General security and humanitarian situation

Intense hostilities since the start of Russia’s invasion on 24 February have left at least 17.7 million people in need of humanitarian assistance and protection across Ukraine, an increase of around 2 million people compared to April. Sustained fighting and hostilities continue to cause the destruction of critical infrastructure and seriously impact civilians in Ukraine, adding to an already unprecedented humanitarian crisis.
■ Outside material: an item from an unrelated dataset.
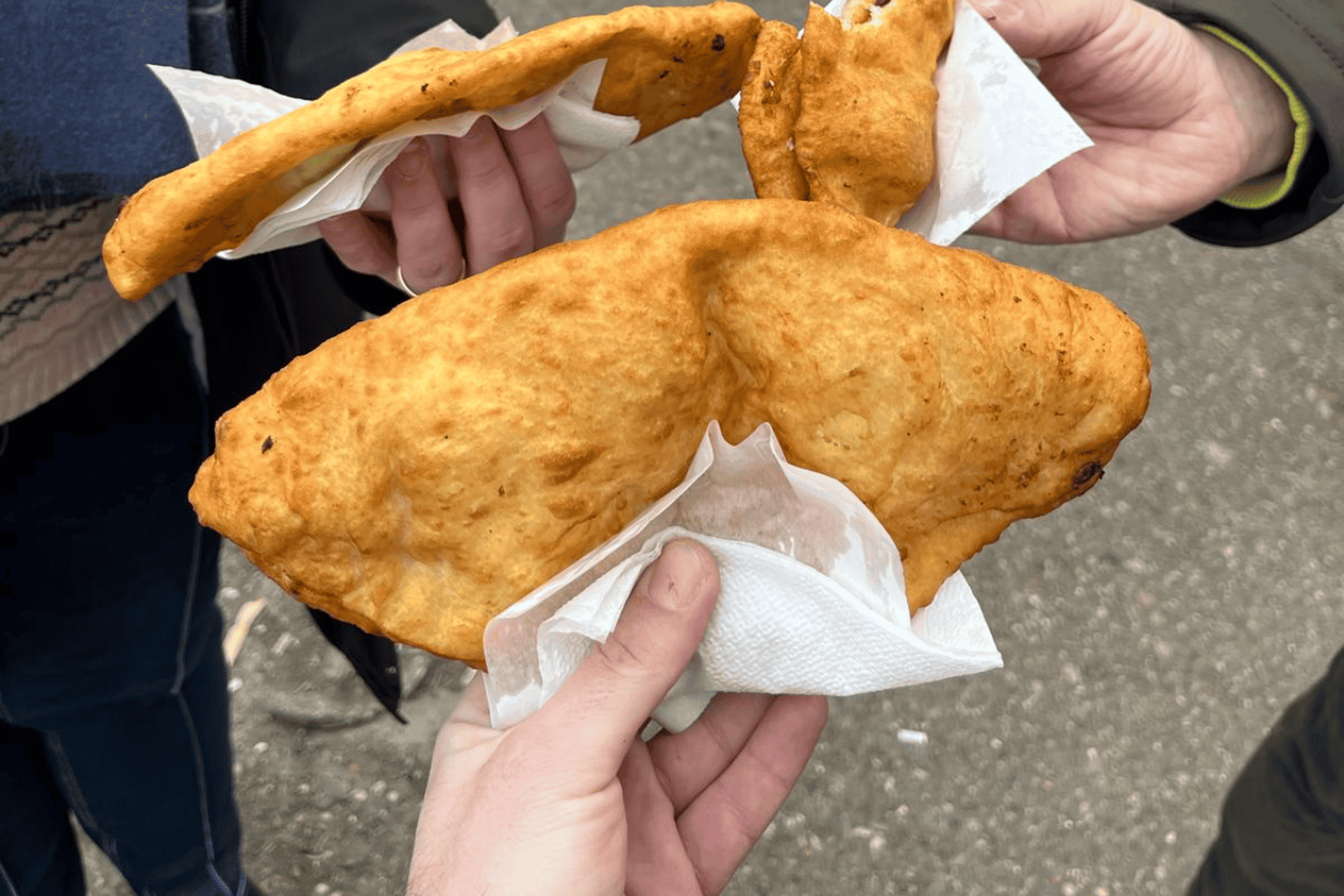 Timișoara: Street Food Tour with Local Guide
Over the last week, insecurity and attacks have also hampered civilian evacuations in the east and the south, raising serious concerns about the security of the Zaporizhzhia Nuclear Power Plant (ZNPP), located in areas under the control of the Russian Federation forces and affiliated groups.

The fiercest fighting and harshest impacts on civilians continued to take place in the east. More than 120 civilians have reportedly been killed or injured in Donetska and Luhanska oblasts over the weekend, according to local authorities and Non-Government-controlled areas entities. Most casualties were reported in Donetska oblast, along and on both sides of the front line. Hostilities also caused additional damages to civilian infrastructure, including houses, health-care and educational facilities, as well as utility infrastructure, according to information gathered by humanitarians. In Donestka oblast, the situation with the water supply remains critical. At the same time, the Government-controlled city of Mykolaiv in the southern Mykolaivska oblast also reportedly continued to suffer daily shelling and rocket attacks. Intense shelling reportedly injured more than 20 people, including a child, and damaged 20 houses and five multi-storey buildings in the city, on 5 August alone, according to local authorities.

Attacks reported on 5 and 6 August in the vicinity of Zaporizhzhia Nuclear Power Plant (ZNPP), located in non-Government-controlled areas of the south-east Zaporizka oblast, prompted Director General of the International Atomic Energy Agency (IAEA) Rafael Mariano Grossi to issue a statement expressing concern and stressing the crucial importance that the Agency can send a mission of nuclear safety, security and safeguards experts to the site as soon as possible. The plant’s Ukrainian operator, Energoatom, reported that one attack had forced the shutdown of one of three operating reactors, that there had been physical damage to some plant infrastructure, and that the overall situation remained dangerous. Mr. Grossi said the events had breached several nuclear safety and security pillars. He also received the strong backing of the UN Secretary-General António Guterres, who – speaking on 8 August in Japan to commemorate the 77th anniversary of the world’s first atomic bombing in Hiroshima – described any attack on a nuclear plant as “suicidal.”

Attacks have also affected civilian evacuations and impacted the city of Nikopol, in central Dnipropetrovska oblast and just across the Dnipro river from Zaporizhzhia NPP, according to humanitarian security reports. On 10 August, authorities reported that a total of 13 people had been killed and 11 injured as the result of overnight rocket attacks impacting 2 settlements in the Nikopolskyi district – especially the city of Marhanets, where 12 of the people were reported to have died and 9 been injured. The shelling also reportedly caused significant damage to civilian infrastructure – including two schools and a dormitory – and cut off the gas supply to at least 1,000 residents. Elsewhere, reported missile attacks impacted the central-western Vinnytska oblast on 7 August and central Cherkaska oblast on 8 August, both of which have been less directly affected by the war.